The downgrade further incorporates uncertainty about the degree of future support that the lenders will provide to the company and the lack of indication of whether the shareholders will provide additional capital.

Moody's noted that Bear Island is a small company with one newsprint mill and is dependent upon a few customers with five clients making up 70% of 2001 sales. It also competes with companies that have significantly greater resources in the highly cyclical newsprint market that is commodity in nature.

S&P rates Ventas notes BB-

Standard & Poor's assigned a BB- rating to Ventas Capital Corp.'s $175 million 8.75% senior notes due 2009 and its $225 million 9% senior notes due 2012. The outlook is stable.

S&P downgrades Cone Mills

Standard & Poor's downgraded Cone Mills Corp. including cutting its $100 million 8.125% debentures due 2005 to CCC+ from B-. The rating agency changed the CreditWatch to developing from negative.

S&P rates Champion notes B

Standard & Poor's assigned a B rating to Champion Home Builders Co.'s $150 million of 11.25% senior notes due 2007.

S&P cuts Piccadilly Cafeterias

Standard & Poor's downgraded Piccadilly Cafeterias Inc. and took it off CreditWatch with negative implications. The outlook is stable.

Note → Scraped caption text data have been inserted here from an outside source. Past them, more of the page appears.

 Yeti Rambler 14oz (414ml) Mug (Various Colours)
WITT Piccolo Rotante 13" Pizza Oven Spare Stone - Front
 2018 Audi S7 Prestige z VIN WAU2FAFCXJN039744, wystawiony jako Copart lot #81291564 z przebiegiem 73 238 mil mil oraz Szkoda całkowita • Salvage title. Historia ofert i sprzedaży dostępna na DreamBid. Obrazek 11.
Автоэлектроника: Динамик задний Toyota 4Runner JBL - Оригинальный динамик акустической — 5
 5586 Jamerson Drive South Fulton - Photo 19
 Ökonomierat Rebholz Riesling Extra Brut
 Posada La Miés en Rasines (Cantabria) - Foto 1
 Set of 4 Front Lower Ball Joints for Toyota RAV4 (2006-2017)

Ratings affected include its $71 million 12% senior secured notes due 2007, cut to B from B+.

S&P puts MTS on developing watch

Standard & Poor's put MTS Inc. on CreditWatch with developing implications. Previously it had a negative outlook on the company.

Ratings affected include MTS' $100 million 9.375% senior subordinated notes due 2005 rated CC and its $225 million revolving credit facility due 2002 rated CCC.

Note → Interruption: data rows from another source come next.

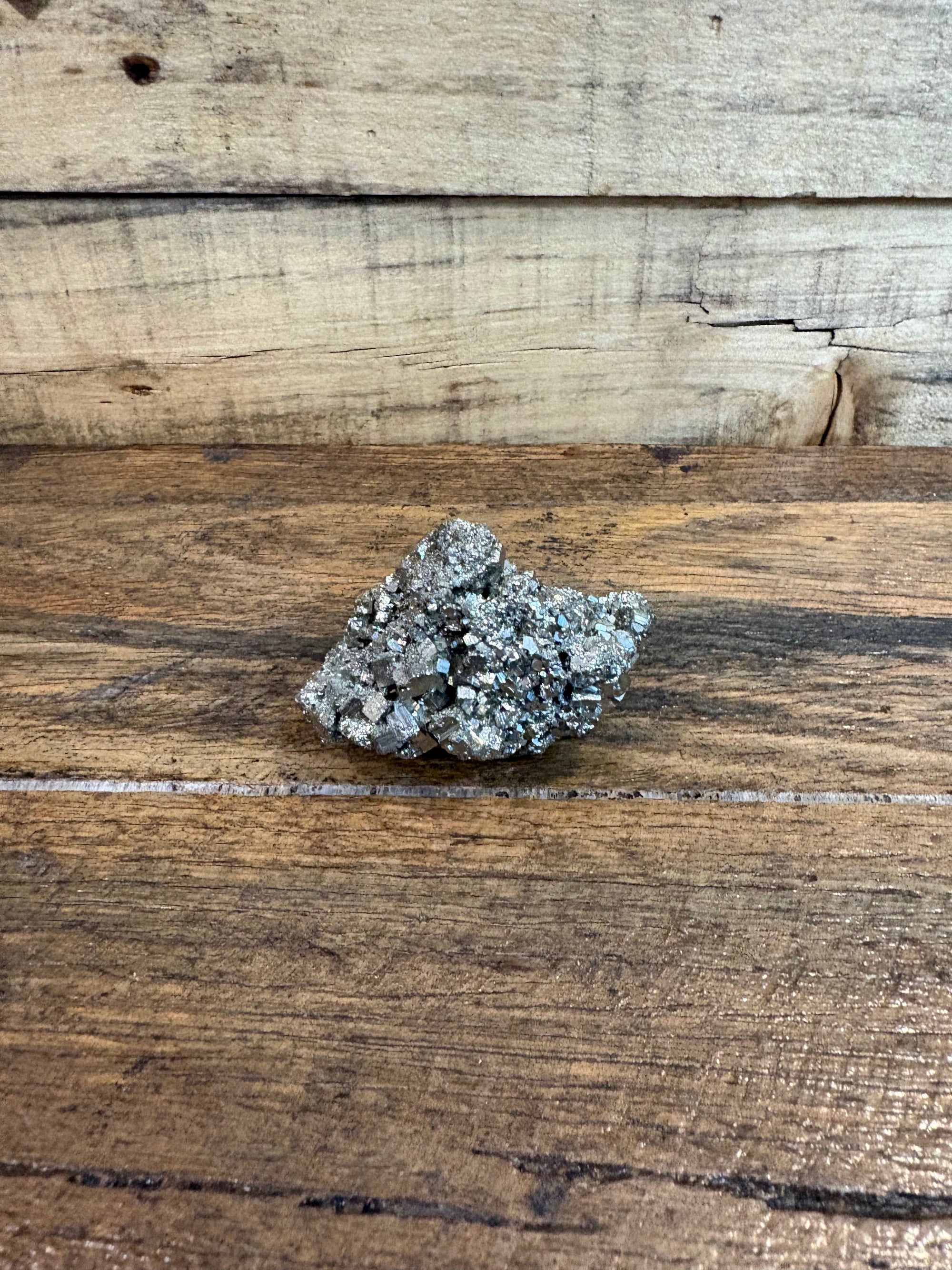 Pyrite Assorted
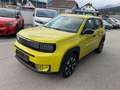 Fiat Grande Panda Grande Panda Hybrid mHEV 110 6-Gang eDCT Icon Icon Gelb - thumbnail 3
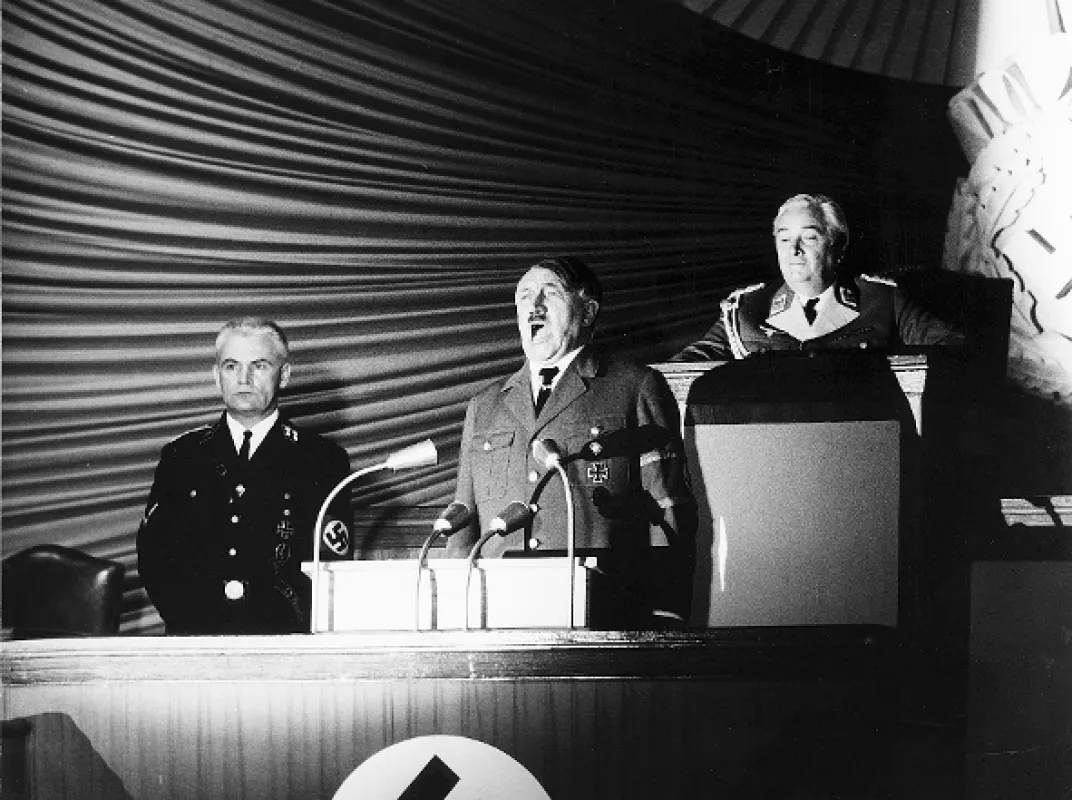 Já, spravedlnost, 1967 - fotogaléria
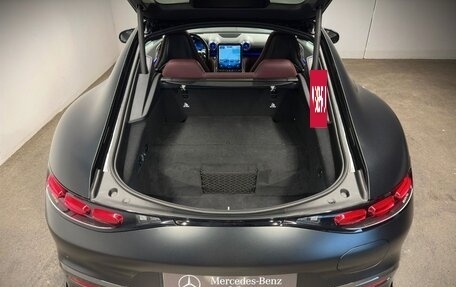 Mercedes-Benz AMG GT, 2025 год, 32 400 000 рублей, 10 фотография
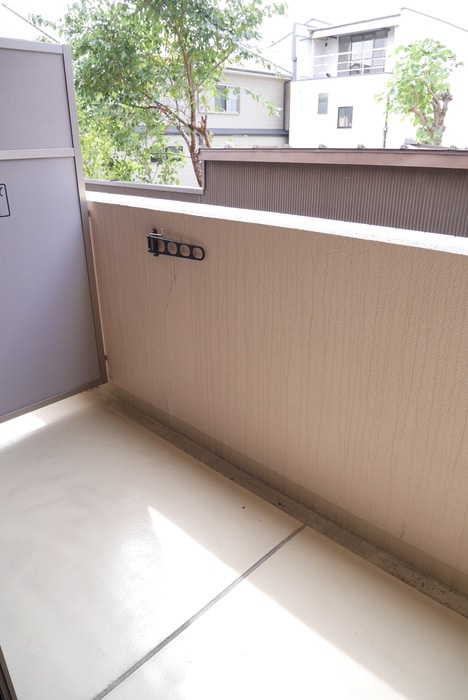 物件内観写真15　(ベランダ・バルコニー)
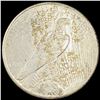 Image 2 : 1924-S Silver Peace Dollar UNCIRCULATED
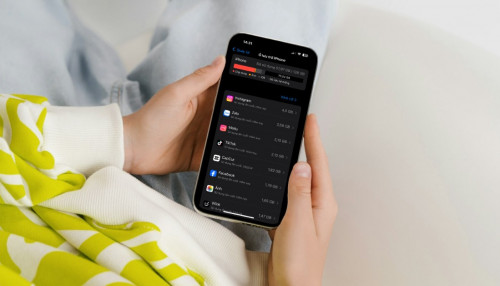 iPhone 128GB lưu được bao nhiêu ảnh? Top iPhone 128GB đáng mua năm 2024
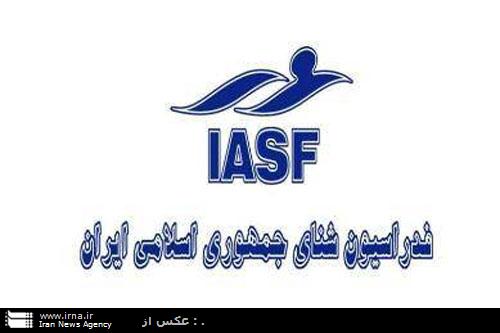 درخشش شناگران پیشکسوت کردستانی در مسابقات کشوری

Moody's rates XTO notes Ba2

Moody's Investors Service assigned a Ba2 rating to XTO Energy's proposed $300 million of 10-year senior unsecured notes and confirmed the company's existing ratings including theBa3 senior subordinated and Ba1 senior implied. The outlook is stable.

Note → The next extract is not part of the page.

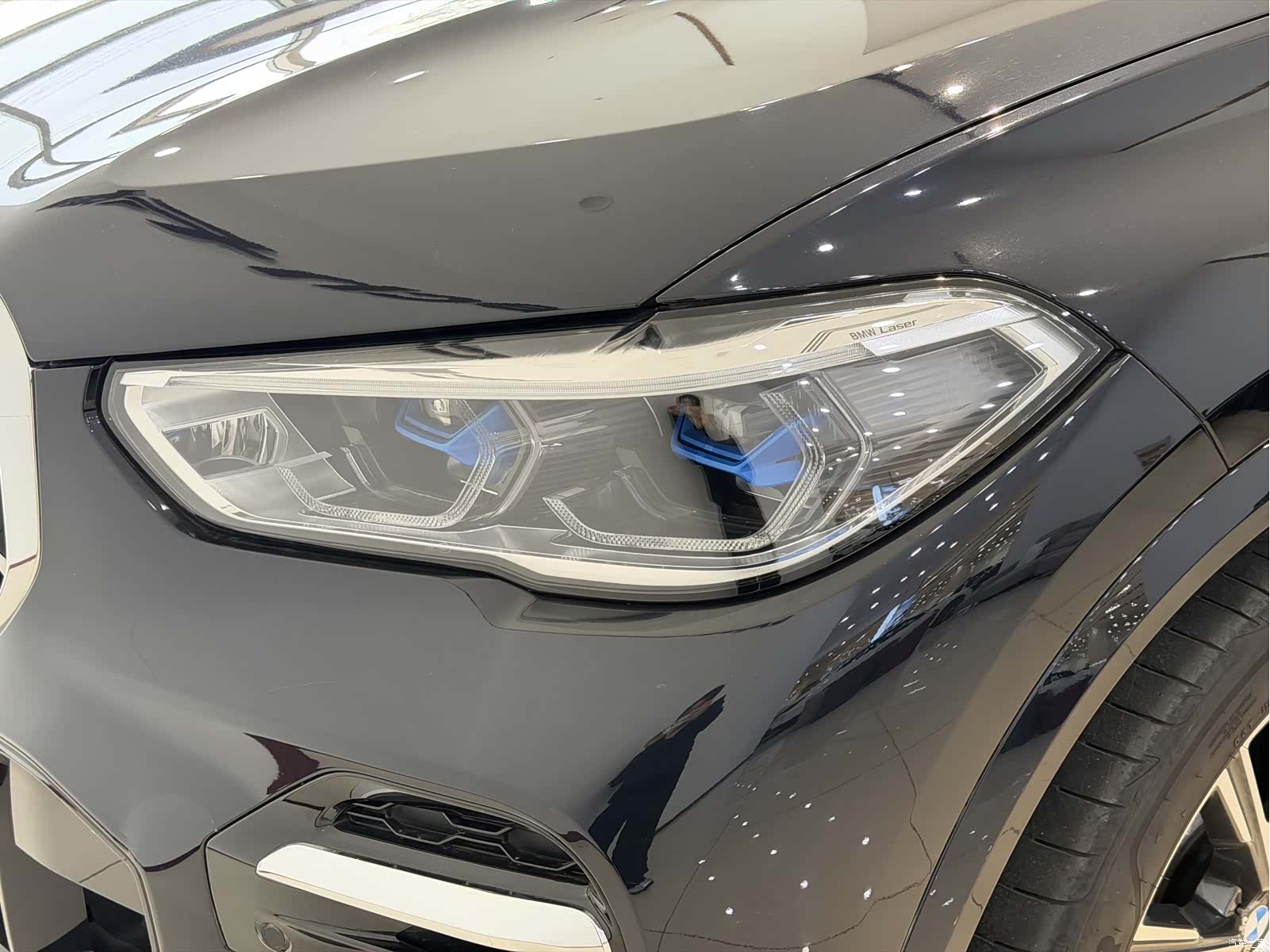 BMW X5, 2022 23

Moody's said the notes are rated are one notch below the senior implied rating due to effective subordination to pro-forma $532 million of secured debt.

The ratings benefit from XTO's very strong hedge position, visible production and reserve gains within acceptable expected debt levels, high level of basin geologic knowledge in core areas, a diversified base, 8.6 year reserve life on proven developed reserves, high 94% of XTO-operated properties, and sound record of building scale and diversification at competitive full-cycle costs and cash-on-cash returns, Moody's said.

Moody's added that it does not expect XTO to be upgraded soon, absent a very large quality acquisition funded heavily with equity or, less likely, more diversified organic production growth from properties delivering new wellbores with longer volumetric half-lives than its dominant core East Texas properties which account for 44% of production.